Reiserücktrittskostenversicherung – Erstattung der Stornokosten bei unerwarteter Verschlechterung einer bereits bestehenden Erkrankung

Bei einer plötzlichen Verschlechterung einer bei der Reisebuchung bekannten Erkrankung, die ursprünglich die Durchführung der Reise nicht in Frage stellte, besteht Versicherungsschutz bezüglich der Stornokosten, wenn der Reisewillige zunächst von seiner Reisefähigkeit ausgehen durfte.
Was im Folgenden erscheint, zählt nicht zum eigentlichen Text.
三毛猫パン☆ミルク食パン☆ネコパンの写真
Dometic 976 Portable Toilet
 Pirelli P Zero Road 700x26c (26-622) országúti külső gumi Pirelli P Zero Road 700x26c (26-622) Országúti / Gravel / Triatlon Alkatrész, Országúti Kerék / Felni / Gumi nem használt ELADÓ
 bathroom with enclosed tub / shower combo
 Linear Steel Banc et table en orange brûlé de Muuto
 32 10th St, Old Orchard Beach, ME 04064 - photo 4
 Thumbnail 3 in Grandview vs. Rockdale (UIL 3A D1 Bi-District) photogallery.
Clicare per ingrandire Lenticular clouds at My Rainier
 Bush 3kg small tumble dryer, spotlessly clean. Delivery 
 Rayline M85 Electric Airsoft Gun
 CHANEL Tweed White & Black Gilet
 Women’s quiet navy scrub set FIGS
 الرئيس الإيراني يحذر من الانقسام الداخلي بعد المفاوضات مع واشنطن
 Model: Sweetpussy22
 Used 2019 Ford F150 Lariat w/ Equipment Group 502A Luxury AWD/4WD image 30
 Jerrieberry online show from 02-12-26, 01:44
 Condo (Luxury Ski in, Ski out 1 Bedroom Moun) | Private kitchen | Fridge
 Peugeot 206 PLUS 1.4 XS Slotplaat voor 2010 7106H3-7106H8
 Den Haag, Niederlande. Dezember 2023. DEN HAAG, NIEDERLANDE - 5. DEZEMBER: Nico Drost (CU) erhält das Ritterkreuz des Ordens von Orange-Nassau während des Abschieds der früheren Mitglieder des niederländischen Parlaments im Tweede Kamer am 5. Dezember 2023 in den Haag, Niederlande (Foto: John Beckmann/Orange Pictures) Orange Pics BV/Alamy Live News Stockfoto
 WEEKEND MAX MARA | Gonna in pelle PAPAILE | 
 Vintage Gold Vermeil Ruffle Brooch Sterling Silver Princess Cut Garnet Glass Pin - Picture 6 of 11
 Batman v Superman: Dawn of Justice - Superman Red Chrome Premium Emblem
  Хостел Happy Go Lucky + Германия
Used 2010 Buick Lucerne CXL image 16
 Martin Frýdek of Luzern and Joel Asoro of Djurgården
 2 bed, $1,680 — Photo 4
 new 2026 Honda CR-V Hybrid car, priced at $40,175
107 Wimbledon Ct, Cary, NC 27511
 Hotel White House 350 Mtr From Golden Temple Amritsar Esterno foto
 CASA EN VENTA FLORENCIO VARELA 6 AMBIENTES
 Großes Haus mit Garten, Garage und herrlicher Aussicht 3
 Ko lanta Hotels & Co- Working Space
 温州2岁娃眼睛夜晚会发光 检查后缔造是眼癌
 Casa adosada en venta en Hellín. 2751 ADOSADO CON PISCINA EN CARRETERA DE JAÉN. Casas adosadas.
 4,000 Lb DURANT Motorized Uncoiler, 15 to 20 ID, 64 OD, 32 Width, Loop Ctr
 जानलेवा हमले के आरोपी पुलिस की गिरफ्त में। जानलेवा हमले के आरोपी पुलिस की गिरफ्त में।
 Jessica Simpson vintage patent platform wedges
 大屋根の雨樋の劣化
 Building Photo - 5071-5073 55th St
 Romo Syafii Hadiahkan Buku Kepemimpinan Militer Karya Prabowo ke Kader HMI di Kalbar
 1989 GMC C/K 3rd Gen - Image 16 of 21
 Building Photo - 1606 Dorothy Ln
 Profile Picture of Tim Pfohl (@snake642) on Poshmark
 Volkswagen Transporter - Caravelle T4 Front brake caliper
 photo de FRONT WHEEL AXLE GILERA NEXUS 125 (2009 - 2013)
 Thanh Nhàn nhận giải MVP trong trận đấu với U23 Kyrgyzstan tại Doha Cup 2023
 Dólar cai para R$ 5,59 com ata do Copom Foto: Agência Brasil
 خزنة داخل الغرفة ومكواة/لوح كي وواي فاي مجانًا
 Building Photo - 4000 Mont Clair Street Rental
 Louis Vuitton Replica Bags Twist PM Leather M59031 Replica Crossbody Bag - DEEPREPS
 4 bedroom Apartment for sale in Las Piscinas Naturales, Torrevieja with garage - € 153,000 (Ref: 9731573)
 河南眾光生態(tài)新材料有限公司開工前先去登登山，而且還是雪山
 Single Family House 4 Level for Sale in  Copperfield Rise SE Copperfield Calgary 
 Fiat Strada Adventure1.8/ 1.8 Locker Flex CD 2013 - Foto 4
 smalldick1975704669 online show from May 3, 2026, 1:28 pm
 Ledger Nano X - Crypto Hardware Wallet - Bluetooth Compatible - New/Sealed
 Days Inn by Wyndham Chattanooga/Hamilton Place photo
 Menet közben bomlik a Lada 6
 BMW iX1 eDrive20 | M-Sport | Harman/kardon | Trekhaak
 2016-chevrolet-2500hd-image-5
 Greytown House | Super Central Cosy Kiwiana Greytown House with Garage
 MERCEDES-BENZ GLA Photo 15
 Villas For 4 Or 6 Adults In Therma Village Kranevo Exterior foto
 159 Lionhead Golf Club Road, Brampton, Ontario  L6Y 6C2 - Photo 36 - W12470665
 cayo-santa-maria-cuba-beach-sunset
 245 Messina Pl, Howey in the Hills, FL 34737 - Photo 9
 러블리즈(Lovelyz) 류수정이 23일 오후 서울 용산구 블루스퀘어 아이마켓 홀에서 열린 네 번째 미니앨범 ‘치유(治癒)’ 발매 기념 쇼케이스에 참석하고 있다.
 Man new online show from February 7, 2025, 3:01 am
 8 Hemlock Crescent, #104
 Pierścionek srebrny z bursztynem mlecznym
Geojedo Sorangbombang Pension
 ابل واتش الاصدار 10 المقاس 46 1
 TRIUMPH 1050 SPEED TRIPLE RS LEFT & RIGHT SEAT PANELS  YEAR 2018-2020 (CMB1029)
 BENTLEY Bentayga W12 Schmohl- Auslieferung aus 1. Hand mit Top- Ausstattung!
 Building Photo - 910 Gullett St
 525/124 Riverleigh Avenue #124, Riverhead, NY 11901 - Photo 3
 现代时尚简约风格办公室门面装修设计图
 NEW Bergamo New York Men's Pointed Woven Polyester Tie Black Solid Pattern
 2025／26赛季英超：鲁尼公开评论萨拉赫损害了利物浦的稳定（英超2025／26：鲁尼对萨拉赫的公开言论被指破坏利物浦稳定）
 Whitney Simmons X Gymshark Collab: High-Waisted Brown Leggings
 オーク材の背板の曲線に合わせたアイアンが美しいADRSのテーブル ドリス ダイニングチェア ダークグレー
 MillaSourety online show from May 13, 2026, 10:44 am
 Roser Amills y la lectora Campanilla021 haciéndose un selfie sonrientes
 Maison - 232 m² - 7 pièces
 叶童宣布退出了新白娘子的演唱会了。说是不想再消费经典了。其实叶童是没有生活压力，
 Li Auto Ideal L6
Dies entschied das Amtsgericht München mit seinem nunmehr rechtskräftigen Urteil vom 20.10.2010.
Im zugrunde liegenden Fall schloss der spätere Kläger im Dezember 2007 bei einem Versicherungsunternehmen eine Reiserücktrittskostenversicherung ab, die sämtliche zukünftige Reisen beinhaltete. Laut Versicherungsvertrag bestand kein Versicherungsschutz, wenn der Versicherungsfall zum Zeitpunkt der Buchung der Reise vorhersehbar war, das heißt der Reisende mit dem Eintritt der Krankheit rechnen musste.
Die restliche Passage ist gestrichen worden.